What you will do: Leaving out all pictures, write out word for word the lines from the one containing "2G4WD582261278943 - 2006" to the end of the data below.

Web page caption snippets
+===+

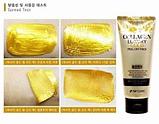 Золотая омолаживающая маска-плёнка 3W Clinic Collagen Luxury Gold Peel Off Pack , фото 2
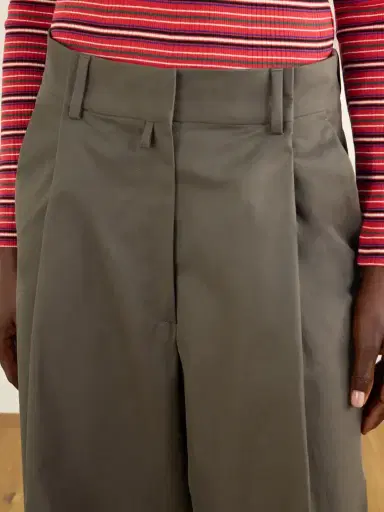 Dries Van Noten Cotton-twill Wide-leg Pants | Thumbnail 5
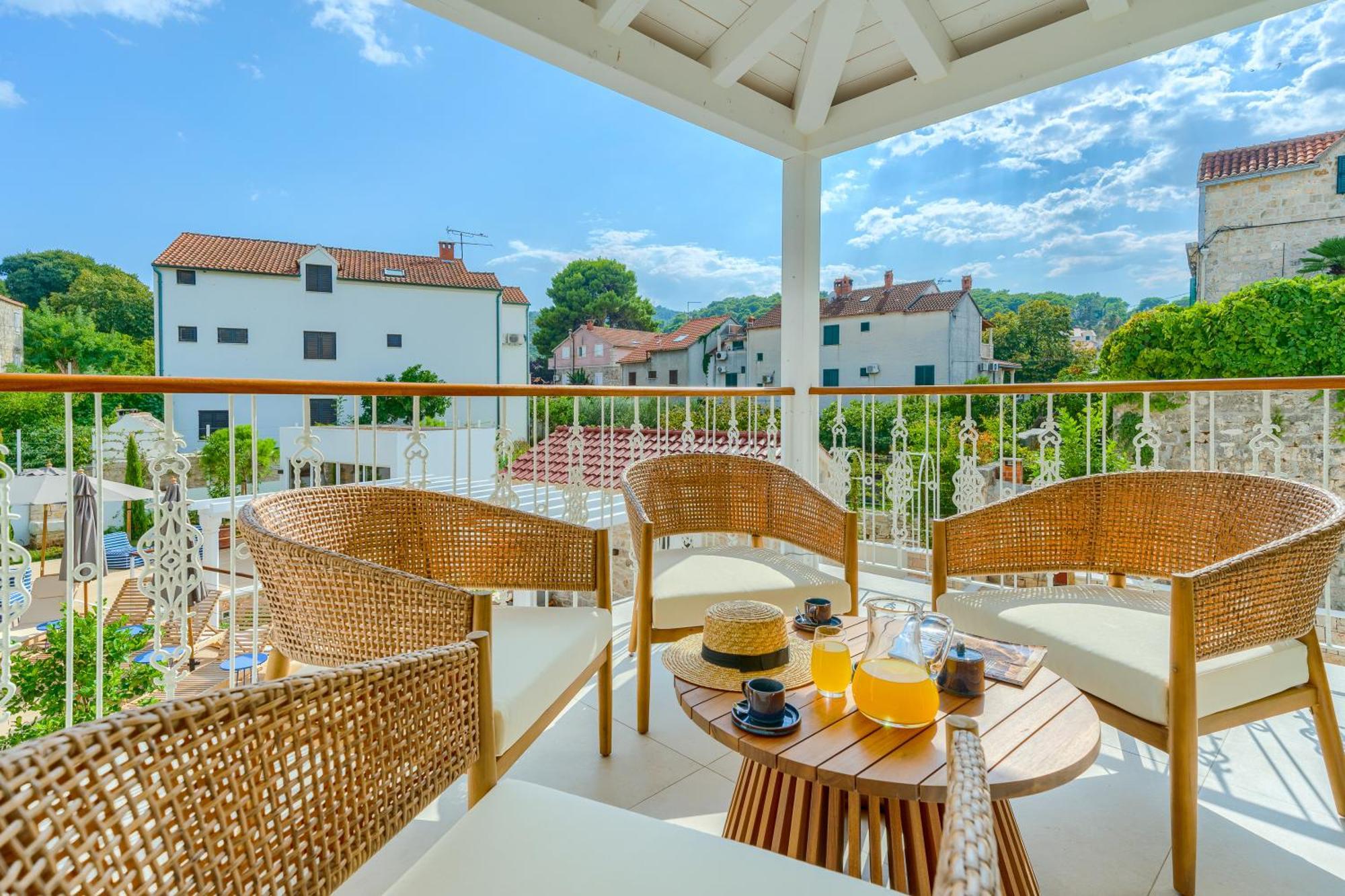 Hotel Brattia, Adults Only, Postira, Brac Island Экстерьер фото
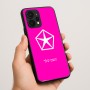 כיסוי בעיצוב אישי עם השם שלך לדגם - Realme P4 Power 5G בעיצוב קרייזלר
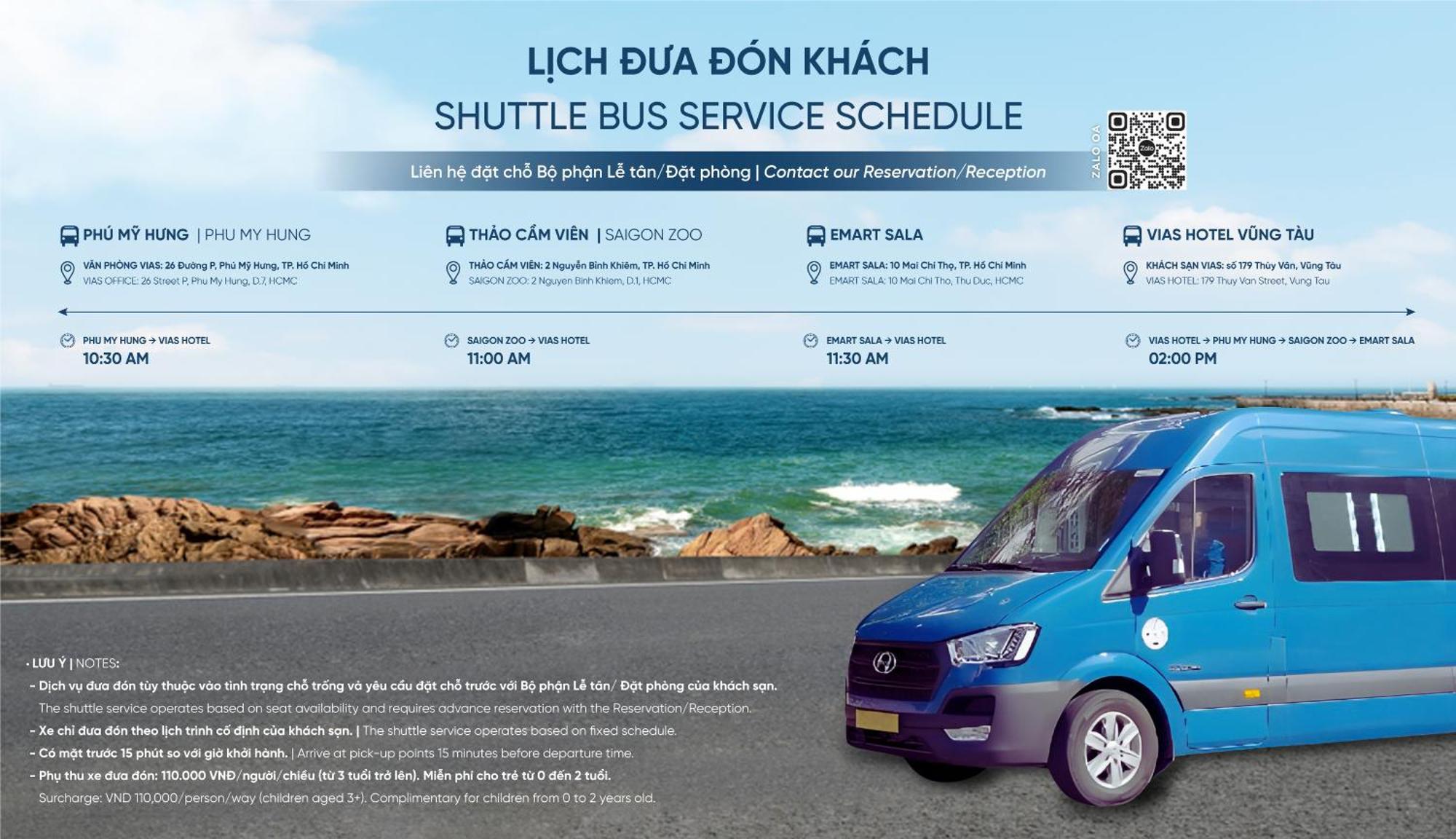 Vias Hotel Vung Tau - Transportation Included Zewnętrze zdjęcie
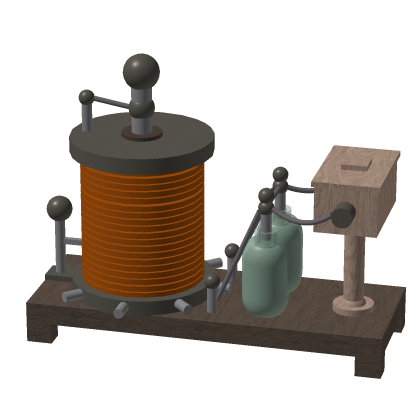 Tesla Coil Decoration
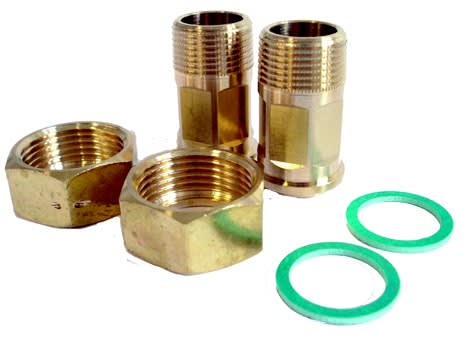 Siemens IBT - Kit fixation G1 3 4 compteur énergie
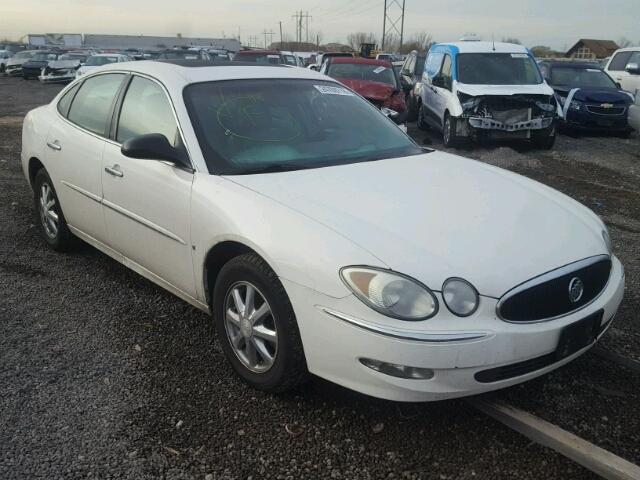 2G4WD582261278943 - 2006 BUICK LACROSSE C WHITE photo 1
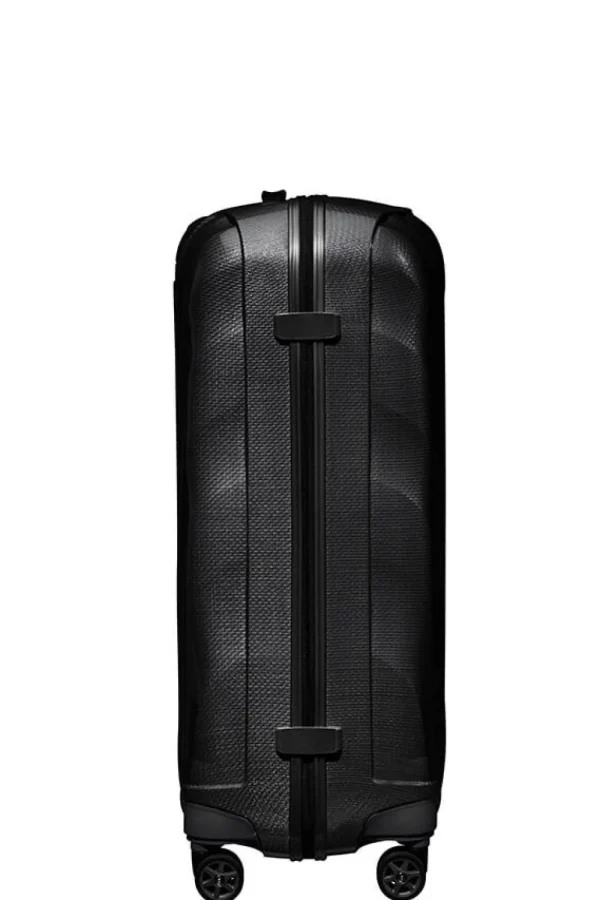 Samsonite C-Lite Nelipyöräinen matkalaukku 75cm Black Outlet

+===+

Answer for the task:
 2G4WD582261278943 - 2006 BUICK LACROSSE C WHITE photo 1
 Samsonite C-Lite Nelipyöräinen matkalaukku 75cm Black Outlet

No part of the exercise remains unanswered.